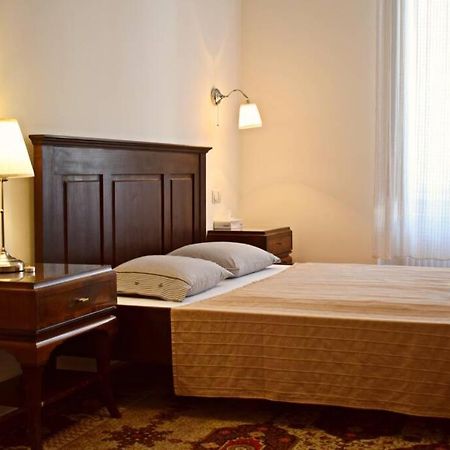 Central Budapest Apartment In Historical Building With Free Private Parking Eksteriør bilde
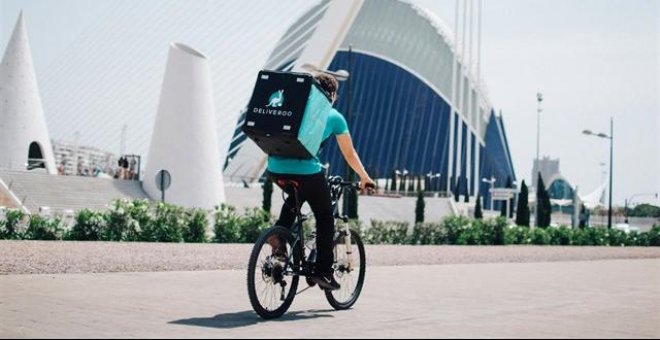 Deliveroo acepta la sentencia que reconoció a los 'riders' como falsos autónomos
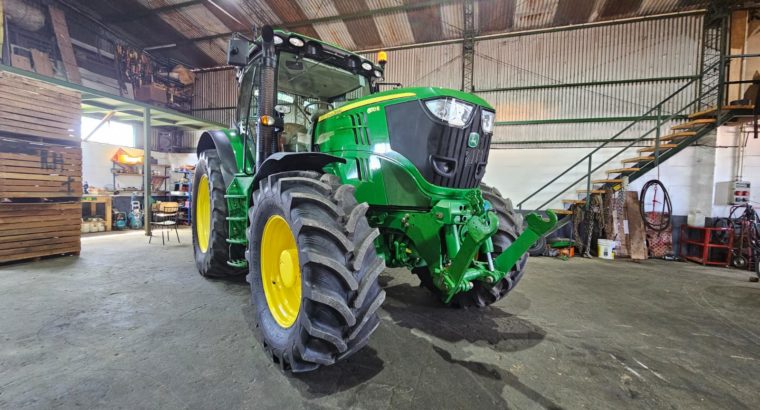 Tractor John Deere 670 R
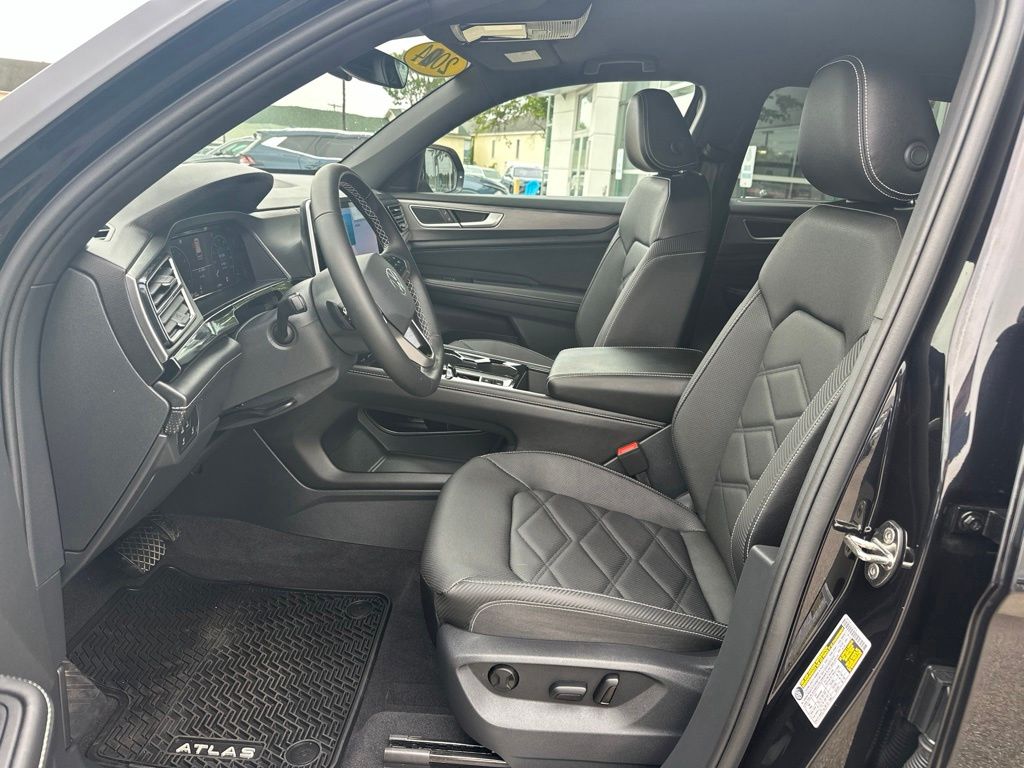 Used 2024 Volkswagen Atlas Cross Sport SUV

____

_What the task requires:_ What you print must be exactly the lines from the one containing "Deliveroo acepta la" through the last line of the material, and no pictures.

_Written solution:_
 Deliveroo acepta la sentencia que reconoció a los 'riders' como falsos autónomos
 Tractor John Deere 670 R
 Used 2024 Volkswagen Atlas Cross Sport SUV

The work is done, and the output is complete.